• _TASK OBJECTIVE_: Within the data below, count the lines that include "Gold" and give only the count.

==== STORED DATA

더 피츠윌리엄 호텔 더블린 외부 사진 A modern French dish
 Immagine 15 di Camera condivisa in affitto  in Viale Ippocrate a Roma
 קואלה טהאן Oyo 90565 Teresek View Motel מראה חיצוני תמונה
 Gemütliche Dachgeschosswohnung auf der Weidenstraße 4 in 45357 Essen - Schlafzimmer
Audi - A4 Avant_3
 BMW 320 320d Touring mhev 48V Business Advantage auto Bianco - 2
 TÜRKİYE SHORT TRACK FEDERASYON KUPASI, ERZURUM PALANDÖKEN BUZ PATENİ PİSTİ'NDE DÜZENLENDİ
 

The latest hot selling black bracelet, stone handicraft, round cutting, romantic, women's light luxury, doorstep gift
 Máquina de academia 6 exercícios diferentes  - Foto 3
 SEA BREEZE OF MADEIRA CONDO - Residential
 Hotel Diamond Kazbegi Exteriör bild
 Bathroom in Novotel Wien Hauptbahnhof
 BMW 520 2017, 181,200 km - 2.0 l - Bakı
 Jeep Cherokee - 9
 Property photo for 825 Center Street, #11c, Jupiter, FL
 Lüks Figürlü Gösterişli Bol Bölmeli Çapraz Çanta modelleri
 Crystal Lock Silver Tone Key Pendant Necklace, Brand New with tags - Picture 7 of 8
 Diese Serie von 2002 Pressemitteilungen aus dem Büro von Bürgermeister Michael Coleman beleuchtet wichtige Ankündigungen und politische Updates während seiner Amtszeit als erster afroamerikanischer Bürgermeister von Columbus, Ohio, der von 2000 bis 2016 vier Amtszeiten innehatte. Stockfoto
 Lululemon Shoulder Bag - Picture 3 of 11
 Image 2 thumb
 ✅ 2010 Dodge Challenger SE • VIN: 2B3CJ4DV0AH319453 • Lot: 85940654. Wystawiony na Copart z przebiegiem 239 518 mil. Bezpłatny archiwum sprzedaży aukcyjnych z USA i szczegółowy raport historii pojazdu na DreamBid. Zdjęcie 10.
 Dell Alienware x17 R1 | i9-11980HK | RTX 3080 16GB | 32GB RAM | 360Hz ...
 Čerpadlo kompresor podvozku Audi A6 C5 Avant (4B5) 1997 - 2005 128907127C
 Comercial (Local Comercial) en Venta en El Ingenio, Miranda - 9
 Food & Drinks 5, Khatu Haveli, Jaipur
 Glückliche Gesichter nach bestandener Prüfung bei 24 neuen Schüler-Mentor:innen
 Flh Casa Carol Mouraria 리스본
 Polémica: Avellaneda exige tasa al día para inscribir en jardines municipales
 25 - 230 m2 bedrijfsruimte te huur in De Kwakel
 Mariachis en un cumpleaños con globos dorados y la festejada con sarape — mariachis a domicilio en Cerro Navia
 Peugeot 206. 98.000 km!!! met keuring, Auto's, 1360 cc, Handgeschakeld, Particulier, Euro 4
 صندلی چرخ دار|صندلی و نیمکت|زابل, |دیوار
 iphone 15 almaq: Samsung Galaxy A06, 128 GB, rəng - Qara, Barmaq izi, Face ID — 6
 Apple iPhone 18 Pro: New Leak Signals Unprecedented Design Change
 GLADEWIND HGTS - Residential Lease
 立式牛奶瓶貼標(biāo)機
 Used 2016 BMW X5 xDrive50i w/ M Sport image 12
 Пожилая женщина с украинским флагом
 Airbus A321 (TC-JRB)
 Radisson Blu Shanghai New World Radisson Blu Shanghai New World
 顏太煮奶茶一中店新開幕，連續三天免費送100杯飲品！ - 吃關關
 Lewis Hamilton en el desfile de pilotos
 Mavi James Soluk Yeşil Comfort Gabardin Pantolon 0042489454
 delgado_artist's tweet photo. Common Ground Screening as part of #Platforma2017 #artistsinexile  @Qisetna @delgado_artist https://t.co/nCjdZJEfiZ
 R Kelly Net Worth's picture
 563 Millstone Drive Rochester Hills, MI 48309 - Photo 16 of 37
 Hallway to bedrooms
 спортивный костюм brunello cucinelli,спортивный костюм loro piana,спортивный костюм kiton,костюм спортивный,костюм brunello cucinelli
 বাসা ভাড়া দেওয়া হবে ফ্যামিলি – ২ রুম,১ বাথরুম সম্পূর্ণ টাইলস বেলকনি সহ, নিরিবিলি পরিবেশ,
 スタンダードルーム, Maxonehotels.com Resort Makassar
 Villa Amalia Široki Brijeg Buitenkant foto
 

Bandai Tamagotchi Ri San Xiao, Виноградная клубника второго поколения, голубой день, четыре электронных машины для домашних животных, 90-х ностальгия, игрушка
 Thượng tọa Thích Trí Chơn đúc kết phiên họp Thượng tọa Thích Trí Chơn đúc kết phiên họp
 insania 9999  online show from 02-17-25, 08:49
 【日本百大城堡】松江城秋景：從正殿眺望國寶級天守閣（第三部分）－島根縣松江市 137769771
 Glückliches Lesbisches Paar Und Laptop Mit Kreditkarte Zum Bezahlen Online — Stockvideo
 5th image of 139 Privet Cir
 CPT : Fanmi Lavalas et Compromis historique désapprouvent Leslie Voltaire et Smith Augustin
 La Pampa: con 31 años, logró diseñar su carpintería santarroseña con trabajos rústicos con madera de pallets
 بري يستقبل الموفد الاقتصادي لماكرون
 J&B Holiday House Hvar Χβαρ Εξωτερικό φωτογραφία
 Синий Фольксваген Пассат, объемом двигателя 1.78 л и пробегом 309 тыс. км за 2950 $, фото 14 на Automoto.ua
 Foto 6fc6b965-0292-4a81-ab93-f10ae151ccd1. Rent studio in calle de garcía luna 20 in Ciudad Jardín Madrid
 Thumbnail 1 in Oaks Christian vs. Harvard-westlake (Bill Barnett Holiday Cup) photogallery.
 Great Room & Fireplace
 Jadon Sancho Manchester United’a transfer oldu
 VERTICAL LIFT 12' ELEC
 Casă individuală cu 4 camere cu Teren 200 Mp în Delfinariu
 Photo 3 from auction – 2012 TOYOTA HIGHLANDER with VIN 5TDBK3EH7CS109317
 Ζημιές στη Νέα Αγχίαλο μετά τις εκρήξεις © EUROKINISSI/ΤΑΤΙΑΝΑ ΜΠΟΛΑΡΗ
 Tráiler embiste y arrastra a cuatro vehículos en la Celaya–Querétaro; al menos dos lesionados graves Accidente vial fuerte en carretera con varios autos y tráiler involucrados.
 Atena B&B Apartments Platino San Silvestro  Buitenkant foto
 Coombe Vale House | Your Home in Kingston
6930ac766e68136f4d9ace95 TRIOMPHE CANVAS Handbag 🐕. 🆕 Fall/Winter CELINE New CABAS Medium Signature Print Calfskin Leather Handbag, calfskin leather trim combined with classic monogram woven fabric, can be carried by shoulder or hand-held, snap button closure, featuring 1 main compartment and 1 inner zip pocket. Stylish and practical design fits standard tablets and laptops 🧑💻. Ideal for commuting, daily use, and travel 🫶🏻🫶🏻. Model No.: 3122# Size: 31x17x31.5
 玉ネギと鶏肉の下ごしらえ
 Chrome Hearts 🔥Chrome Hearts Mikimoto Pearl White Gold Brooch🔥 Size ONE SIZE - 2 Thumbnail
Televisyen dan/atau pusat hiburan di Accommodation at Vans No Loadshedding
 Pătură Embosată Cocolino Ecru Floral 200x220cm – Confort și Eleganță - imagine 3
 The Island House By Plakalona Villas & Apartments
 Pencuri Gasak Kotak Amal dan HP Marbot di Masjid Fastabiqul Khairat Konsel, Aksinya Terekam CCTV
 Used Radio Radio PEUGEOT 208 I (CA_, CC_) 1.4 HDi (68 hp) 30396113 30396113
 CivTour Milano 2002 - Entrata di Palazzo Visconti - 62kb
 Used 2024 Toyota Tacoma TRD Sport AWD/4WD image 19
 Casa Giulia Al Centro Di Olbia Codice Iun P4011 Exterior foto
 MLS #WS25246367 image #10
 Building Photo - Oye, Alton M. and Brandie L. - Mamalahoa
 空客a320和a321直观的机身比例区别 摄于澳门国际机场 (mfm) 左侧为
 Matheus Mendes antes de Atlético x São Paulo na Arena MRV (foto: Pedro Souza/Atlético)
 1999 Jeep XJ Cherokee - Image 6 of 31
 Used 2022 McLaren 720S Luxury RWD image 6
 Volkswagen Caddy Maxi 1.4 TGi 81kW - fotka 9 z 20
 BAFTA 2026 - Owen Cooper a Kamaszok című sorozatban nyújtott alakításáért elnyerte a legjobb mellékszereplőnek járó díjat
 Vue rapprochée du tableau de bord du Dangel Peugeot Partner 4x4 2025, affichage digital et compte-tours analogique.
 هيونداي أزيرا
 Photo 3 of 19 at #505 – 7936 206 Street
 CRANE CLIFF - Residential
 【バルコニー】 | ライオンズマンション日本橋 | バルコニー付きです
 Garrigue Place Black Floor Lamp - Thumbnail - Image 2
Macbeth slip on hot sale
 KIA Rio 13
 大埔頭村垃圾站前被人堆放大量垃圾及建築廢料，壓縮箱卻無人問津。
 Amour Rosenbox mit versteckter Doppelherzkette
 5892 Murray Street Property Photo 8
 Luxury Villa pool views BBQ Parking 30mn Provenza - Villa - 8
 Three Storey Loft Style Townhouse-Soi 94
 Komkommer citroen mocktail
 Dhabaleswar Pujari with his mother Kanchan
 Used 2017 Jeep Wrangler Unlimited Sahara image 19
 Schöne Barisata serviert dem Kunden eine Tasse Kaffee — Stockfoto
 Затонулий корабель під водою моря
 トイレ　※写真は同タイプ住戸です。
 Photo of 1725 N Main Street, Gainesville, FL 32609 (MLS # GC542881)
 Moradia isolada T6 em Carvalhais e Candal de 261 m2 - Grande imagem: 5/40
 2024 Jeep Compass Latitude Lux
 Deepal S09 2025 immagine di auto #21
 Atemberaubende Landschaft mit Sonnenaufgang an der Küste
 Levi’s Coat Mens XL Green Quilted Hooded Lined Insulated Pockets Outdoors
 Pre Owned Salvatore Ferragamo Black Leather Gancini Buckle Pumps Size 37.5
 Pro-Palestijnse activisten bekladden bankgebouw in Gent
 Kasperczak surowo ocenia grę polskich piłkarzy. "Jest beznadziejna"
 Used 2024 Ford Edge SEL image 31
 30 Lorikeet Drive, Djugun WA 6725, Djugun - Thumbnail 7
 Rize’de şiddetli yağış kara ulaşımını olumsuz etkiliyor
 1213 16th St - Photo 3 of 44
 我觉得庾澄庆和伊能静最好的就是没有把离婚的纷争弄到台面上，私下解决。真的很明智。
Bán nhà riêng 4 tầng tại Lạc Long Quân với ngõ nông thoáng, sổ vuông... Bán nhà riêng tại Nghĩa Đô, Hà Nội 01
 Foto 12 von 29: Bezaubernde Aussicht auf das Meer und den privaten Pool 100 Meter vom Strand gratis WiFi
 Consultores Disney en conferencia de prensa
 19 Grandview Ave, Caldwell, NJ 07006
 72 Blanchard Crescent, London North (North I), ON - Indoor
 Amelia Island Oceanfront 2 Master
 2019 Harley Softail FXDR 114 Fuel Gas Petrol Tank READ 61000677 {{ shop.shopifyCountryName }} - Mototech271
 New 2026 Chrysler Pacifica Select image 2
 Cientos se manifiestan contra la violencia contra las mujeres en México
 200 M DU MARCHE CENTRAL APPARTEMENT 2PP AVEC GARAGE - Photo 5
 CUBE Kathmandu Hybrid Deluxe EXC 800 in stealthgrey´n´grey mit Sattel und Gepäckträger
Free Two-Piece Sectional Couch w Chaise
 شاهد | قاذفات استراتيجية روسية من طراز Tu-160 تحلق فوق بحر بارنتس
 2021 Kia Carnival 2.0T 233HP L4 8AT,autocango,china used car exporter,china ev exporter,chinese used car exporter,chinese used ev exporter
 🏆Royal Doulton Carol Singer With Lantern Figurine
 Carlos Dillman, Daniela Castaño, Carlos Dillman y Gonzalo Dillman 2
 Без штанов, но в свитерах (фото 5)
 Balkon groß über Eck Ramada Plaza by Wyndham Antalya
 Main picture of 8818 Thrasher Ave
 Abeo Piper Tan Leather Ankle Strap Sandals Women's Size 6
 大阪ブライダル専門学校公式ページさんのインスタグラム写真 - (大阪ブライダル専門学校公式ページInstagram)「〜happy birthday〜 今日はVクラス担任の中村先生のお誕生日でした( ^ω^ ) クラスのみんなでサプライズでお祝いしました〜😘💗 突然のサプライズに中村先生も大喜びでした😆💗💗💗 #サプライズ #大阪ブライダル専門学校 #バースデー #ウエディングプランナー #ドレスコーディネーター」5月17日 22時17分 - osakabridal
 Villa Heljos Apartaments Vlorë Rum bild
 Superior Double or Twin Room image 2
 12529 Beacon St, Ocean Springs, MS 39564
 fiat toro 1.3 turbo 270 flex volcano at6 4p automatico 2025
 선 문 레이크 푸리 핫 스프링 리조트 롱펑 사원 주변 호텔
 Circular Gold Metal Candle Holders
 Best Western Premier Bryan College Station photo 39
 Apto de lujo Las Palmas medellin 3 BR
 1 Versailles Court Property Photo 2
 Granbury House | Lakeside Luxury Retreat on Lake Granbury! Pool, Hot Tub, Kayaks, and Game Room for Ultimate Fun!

========

• _RESULT OF THIS TASK_: 2